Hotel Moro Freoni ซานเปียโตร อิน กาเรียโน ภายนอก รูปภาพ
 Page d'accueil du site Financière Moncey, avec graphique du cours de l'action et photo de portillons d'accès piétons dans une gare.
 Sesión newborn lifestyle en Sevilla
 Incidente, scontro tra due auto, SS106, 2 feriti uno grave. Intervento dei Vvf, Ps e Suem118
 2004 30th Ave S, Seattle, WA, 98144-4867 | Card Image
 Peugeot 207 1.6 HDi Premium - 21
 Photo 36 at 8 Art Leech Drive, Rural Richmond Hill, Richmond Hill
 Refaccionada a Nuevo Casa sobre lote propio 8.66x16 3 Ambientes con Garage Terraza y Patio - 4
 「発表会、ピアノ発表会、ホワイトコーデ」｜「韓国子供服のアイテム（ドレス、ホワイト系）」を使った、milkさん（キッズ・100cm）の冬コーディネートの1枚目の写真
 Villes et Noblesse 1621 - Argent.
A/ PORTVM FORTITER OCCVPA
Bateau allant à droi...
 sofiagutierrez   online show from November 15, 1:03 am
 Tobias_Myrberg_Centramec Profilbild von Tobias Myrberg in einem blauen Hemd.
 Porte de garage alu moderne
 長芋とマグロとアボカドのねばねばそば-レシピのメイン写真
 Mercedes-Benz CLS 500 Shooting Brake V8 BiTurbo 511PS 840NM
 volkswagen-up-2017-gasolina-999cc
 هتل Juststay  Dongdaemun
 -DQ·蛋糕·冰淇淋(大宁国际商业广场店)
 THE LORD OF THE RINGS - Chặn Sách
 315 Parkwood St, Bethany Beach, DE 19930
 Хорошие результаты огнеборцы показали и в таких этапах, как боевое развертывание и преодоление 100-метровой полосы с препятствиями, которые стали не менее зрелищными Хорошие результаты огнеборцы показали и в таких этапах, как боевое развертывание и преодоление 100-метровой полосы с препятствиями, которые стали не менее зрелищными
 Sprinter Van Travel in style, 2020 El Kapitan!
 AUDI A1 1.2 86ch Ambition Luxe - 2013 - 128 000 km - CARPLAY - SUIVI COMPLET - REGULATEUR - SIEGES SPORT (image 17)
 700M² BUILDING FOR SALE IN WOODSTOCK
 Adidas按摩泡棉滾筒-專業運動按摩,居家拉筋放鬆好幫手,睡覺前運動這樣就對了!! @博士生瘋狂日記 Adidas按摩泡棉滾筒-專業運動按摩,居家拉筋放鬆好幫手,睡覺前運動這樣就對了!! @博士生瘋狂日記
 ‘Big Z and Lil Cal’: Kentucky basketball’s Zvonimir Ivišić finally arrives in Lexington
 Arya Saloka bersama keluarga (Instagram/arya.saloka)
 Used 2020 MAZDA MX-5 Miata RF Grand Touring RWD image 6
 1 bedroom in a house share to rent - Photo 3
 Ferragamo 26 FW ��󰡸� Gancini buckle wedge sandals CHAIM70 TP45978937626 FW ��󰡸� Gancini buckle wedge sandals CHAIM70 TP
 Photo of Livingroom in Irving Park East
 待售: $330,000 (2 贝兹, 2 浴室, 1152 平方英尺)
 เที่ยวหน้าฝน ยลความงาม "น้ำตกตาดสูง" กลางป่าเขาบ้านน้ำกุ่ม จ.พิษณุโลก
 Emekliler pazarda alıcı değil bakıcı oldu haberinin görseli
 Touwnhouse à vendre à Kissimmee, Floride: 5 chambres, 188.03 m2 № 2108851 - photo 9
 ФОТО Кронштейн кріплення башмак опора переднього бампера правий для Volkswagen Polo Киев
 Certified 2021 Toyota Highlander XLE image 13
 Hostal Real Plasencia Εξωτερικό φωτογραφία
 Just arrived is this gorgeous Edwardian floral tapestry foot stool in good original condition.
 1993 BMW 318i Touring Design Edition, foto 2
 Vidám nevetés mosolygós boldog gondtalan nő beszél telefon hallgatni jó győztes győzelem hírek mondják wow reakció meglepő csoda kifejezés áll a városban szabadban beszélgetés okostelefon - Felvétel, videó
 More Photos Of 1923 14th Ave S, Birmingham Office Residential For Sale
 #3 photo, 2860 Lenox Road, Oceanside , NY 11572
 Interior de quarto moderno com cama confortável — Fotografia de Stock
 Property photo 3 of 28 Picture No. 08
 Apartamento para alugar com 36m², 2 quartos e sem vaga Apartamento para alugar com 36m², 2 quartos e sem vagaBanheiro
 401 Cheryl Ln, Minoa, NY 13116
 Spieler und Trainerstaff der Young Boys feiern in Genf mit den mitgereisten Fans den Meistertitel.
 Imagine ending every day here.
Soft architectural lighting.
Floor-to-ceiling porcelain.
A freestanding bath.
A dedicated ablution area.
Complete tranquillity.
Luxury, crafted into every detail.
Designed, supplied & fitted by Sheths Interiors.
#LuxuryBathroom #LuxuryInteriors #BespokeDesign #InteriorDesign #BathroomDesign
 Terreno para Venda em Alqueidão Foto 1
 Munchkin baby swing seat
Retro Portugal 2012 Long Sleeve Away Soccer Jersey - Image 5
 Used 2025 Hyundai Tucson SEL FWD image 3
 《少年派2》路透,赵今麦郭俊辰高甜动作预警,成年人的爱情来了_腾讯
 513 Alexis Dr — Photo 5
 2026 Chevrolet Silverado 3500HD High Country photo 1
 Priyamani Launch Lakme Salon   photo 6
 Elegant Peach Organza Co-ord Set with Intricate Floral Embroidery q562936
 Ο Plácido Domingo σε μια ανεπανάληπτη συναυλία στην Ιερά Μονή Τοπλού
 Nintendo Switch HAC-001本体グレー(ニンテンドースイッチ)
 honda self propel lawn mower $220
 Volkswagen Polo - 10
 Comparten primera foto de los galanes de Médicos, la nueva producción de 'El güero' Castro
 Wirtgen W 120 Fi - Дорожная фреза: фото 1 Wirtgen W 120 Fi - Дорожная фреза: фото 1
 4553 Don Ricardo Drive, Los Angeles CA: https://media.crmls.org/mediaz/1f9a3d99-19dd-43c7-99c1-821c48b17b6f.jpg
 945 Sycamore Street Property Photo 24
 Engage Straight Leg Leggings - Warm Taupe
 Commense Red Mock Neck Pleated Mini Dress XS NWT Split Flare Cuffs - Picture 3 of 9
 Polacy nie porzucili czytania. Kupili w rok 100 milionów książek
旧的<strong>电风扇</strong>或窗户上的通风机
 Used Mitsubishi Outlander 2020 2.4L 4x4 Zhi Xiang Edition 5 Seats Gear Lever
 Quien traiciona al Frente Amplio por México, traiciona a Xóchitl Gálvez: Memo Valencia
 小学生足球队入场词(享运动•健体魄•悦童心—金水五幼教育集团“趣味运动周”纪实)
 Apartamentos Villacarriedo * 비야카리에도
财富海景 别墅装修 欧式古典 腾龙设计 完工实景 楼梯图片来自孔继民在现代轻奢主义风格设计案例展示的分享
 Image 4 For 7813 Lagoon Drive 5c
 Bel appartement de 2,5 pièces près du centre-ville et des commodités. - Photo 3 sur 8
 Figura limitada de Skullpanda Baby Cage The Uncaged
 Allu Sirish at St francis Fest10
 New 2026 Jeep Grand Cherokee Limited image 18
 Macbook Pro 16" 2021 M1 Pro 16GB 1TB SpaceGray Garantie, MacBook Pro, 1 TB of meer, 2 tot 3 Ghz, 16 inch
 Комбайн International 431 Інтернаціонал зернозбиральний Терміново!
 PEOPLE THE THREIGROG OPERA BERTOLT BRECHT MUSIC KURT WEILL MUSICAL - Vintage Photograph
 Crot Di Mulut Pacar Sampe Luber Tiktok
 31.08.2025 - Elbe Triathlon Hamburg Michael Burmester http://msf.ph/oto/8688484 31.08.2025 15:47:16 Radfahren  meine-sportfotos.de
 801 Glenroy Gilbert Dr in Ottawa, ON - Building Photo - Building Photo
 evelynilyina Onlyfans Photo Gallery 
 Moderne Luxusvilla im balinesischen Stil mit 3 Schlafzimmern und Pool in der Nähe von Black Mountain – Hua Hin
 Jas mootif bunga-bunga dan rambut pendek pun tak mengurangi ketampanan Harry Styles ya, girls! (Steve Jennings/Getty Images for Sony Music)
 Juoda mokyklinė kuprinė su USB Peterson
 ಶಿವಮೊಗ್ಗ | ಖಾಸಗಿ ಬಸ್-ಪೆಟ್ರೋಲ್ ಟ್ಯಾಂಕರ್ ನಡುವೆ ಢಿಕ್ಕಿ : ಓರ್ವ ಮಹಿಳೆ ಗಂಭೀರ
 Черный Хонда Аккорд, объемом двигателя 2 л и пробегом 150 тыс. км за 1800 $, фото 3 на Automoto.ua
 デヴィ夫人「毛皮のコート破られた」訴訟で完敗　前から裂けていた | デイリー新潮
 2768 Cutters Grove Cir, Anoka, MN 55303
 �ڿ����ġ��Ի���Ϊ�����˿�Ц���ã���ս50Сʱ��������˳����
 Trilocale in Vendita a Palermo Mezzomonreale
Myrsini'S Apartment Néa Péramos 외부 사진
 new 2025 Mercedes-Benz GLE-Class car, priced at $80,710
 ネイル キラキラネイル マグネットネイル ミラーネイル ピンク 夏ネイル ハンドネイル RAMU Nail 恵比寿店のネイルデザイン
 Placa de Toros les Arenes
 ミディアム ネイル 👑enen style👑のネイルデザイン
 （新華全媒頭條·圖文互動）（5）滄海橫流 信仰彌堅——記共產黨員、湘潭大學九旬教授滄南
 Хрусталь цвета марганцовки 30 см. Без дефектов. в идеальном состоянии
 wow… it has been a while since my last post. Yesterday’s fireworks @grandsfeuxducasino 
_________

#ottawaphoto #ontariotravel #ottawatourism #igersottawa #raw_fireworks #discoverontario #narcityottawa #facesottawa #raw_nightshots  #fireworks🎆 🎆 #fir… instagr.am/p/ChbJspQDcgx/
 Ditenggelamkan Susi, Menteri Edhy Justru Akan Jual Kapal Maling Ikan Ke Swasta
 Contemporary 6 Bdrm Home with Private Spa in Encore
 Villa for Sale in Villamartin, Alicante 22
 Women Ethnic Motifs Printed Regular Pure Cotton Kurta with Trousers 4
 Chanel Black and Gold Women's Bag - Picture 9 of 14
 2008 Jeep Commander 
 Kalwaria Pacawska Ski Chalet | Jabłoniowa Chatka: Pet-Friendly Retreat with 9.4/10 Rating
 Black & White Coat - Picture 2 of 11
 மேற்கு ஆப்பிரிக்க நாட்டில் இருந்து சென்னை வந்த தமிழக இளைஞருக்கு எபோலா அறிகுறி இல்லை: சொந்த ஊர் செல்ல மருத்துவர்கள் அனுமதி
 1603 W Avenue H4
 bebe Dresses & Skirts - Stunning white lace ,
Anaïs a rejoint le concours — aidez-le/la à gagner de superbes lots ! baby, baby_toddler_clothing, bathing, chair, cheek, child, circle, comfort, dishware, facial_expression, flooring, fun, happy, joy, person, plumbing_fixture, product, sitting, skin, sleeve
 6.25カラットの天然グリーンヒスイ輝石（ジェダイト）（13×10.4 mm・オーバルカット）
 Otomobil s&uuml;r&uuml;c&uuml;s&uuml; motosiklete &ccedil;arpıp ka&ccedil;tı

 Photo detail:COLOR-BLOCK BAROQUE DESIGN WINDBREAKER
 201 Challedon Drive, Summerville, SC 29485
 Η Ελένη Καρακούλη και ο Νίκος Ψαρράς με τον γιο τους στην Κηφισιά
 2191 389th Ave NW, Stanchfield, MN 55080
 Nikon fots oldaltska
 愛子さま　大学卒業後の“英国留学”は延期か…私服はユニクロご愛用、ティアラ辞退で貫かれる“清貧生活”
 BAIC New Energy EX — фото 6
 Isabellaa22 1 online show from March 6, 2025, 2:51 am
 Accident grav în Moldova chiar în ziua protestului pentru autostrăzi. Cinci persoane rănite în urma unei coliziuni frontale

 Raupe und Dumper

** Work order **
Search the entries for the word "fireworks". Copy each line where it appears.

** Solved problem **
 wow… it has been a while since my last post. Yesterday’s fireworks @grandsfeuxducasino 
#ottawaphoto #ontariotravel #ottawatourism #igersottawa #raw_fireworks #discoverontario #narcityottawa #facesottawa #raw_nightshots  #fireworks🎆 🎆 #fir… instagr.am/p/ChbJspQDcgx/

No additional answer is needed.